Introduction

Introduction
   There are shamans who may be able to heal, and others who may be successful at controlling game animals. Some shamans alter consciousness or use trance, others shape-shift and journey to other worlds. Some mediate between their communities and powerful other-than-human beings. Some become possessed by the spirits of the dead. Other shamans assume third, fourth, or even multiple genders or engage in crossdressing. Most shamans are animists engaging with other-than-human people, while still others are priests and ritualists. Almost all shamans are skillful performers and even entertainers. Being a shaman may involve a number of these things, or all of them. None of these characteristics should be seen as essential features of shamans or shamanism, however, since this is neither a definitive nor an exhaustively comprehensive list. Any attempt to formulate such a list would, arguably, be naive. Indeed, since some shamans are themselves sorcerers, witches, and tricksters, it is vitally important to stress the tricky, slippery nature of shamanism right from the start.
   DEFINING SHAMANS AND SHAMANISM
   Shamans are so paradoxical that it is hard to know how to introduce this dictionary without challenging every definition ever offered. Some might think that an easy way out of the dilemma would be to restrict the use of the word shaman to its origin with religious officials of some kind among the Tungus-speaking Evenk in Siberia. But even among the Evenk, there are different assessments of what shamans do and who they are. It is even difficult to write about “shamanism” among the Evenk because -ism suggests something orderly and systematic that everyone would recognize, which is not the case.
   Certainly, shamans are expected to tackle all the mess of reality and make sense of it for their patients, clients, and families. When relationships have broken down, or when health is threatened, or when food stocks are running dangerously low, shamans are commonly called upon to engage with those beings and forces deemed responsible for reestablishing an orderly, healthy, and viable cosmos. But real-life shamans and their communities rarely, if ever, present their understandings of life and their methods of dealing with problems in an orderly thesis, creed, or manifesto. While it is possible to treat a shaman’s costume or ritualized actions as a hologram, a representation that includes everything of importance to the shaman, it would be a mistake to think it is possible to reduce shamanism to a few simple phrases. So the idea that reserving the words shaman and shamanism for talking about Evenk healers, ritualists, religious leaders, or relationship counselors (or whatever it is proposed Evenk shamanism is really about) is not satisfactory. For one thing, if it is acceptable to talk about shamans among Tungus speakers, what about their neighbors who easily recognize similar, but not identical, practitioners of religion, health care, social work, cosmic mediation, knowledge-repository, and more? (No, that list was not edging toward a definition, it was just a trickster tease based on what some shamans do in some places.) And if the term shaman applies among the Evenk and their neighbors, why not their neighbors? And so it goes on.
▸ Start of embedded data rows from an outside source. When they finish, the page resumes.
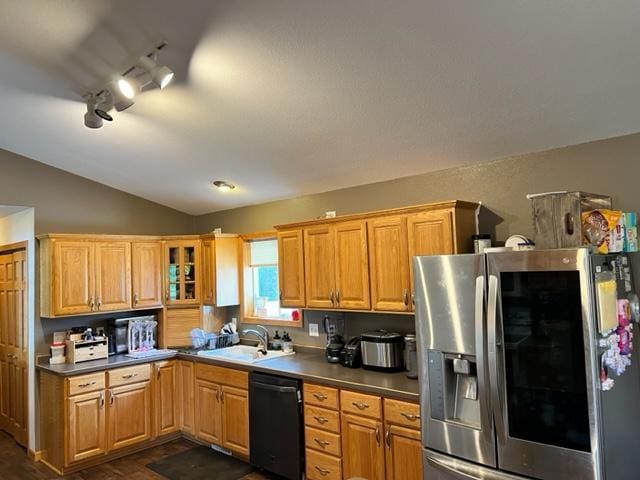 kitchen with a sink, black dishwasher, glass insert cabinets, stainless steel fridge with ice dispenser, and dark countertops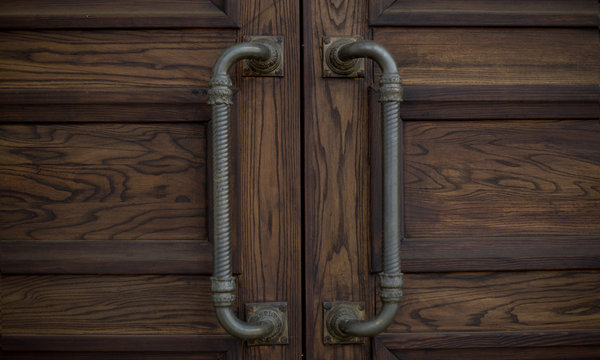 handles on a brown wooden door made of metal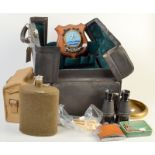 A black Gladstone bag, a pair of Second World War binoculars etc.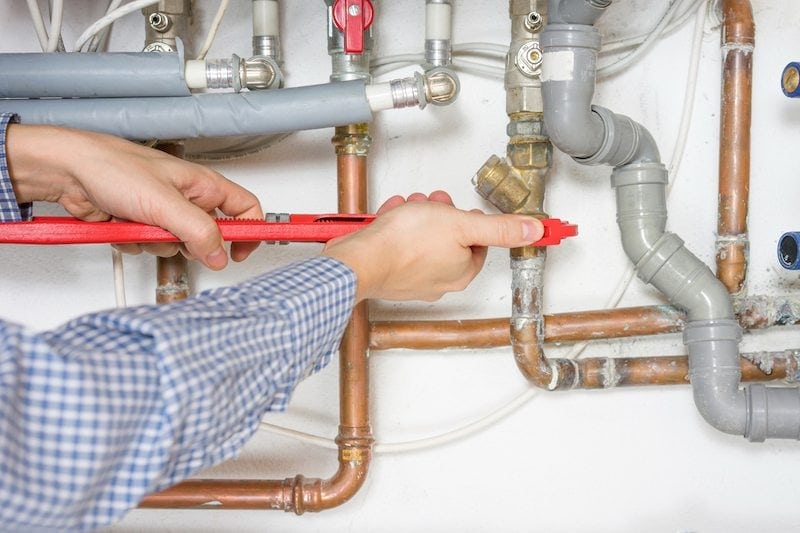 plumber fixing central heating system. Furnace leaking water in a home in Kalida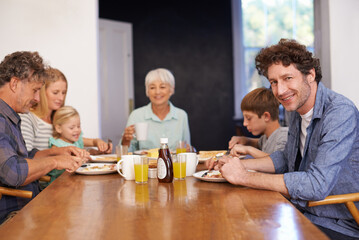 Mature man, family and guest for breakfast at home on happiness in morning for bonding with conversation, support and care. Portrait, meal and eat with coffee in table to enjoy, fun and together.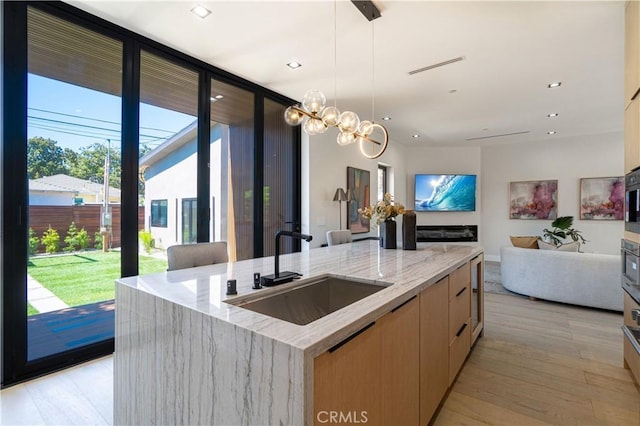 10943 Pickford Way, Culver City, CA 90230 - kitchen with a sink, modern cabinets, a wealth of natural light, and open floor plan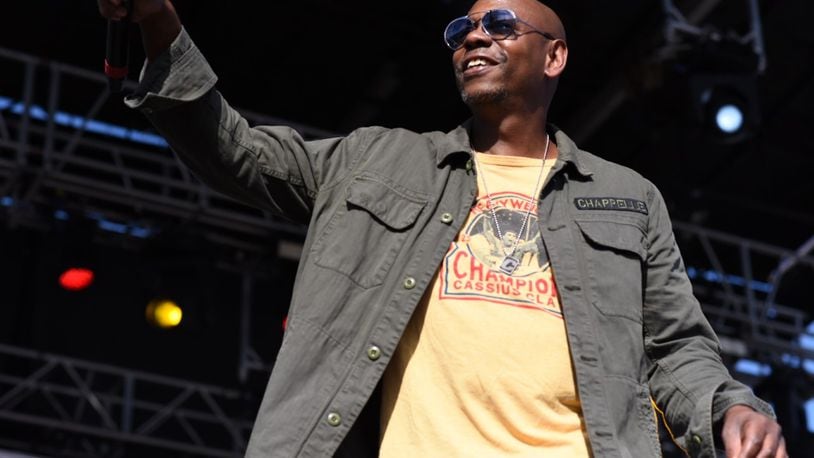 Dave Chappelle on stage for the Gem City Shine event. 
Photo by: Tom Gilliam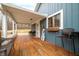 Wooden deck with seating area, offering views of the wooded area at 3264 W Roberts Rd, Trafalgar, IN 46181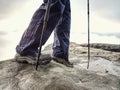 Hiker walks on Trail in warm trousers and waterproof boots Royalty Free Stock Photo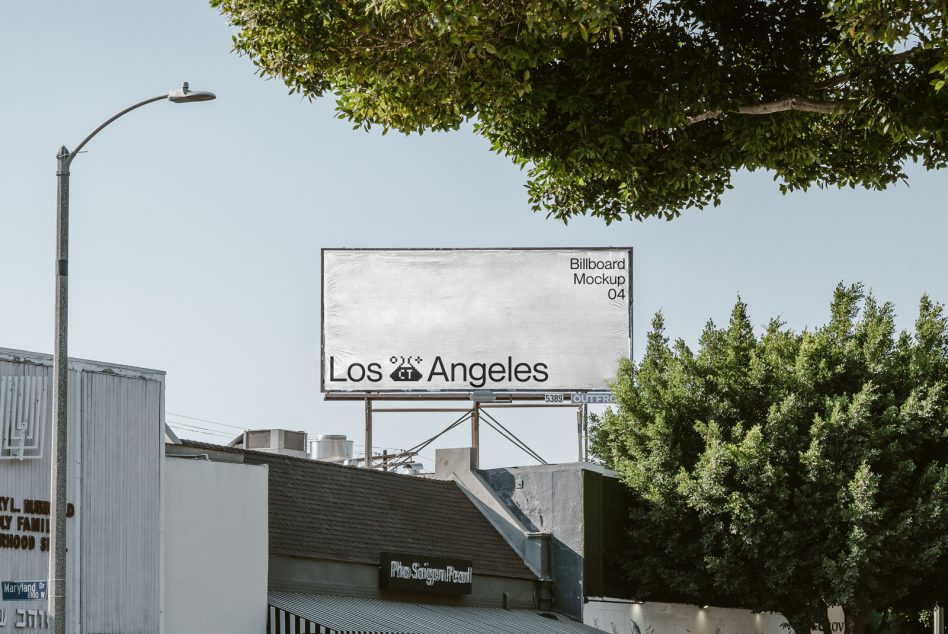 White billboard mockup with Los Angeles text framed by green tree canopy
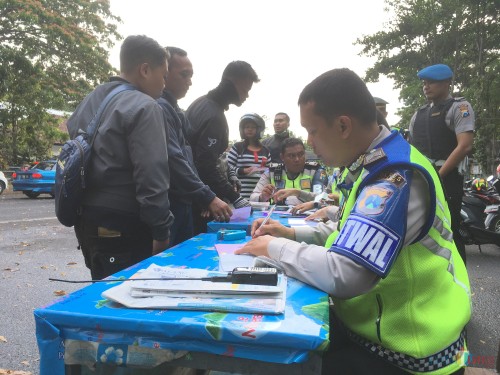 Petugas kepolisian saat memberikan surat tilang kepada pengguna jalan karena tidak memiliki SIM. (Foto : Ashaq Lupito / MalangTIMES)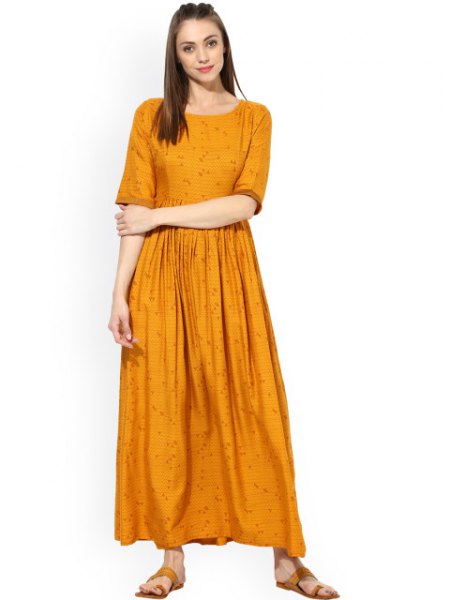Mustard yellow, half-sleeved, pleated maxi dress with a relaxed fit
   Furthermore, just because both Evenk and, for example, some Amazonian shamans might be healers or journey to other worlds, this does not mean that they must be alike in every other way. It is important to attend to the specifics of what shamans do, how they understand the cosmos, and what their communities expect of them. Only carefully researched appreciation of specific, local information should serve as a basis for any comparative or constructive theorizing about what shamans might have in common.
   This Historical Dictionary of Shamanism acknowledges that there are lots of definitions available, and that they all work perfectly well for some shamans and shamanic activities and not at all well otherwise. It notes some definitions because some people have been quite clear about what they mean by shamans and shamanism. But it does not propose to concur with these or purport to offer definitions of its own. Instead, this dictionary presents information about all kinds of shamans and all kinds of claims about shamanism. When appropriate, it offers critical engagement with these discourses. Lots of entirely different phenomena have been called “shamanism,” and although they are all interesting, they are not all one thing. Yet, there are lots of connections, lots of points of contact, between (real or imagined) shamans in one place and shamans elsewhere.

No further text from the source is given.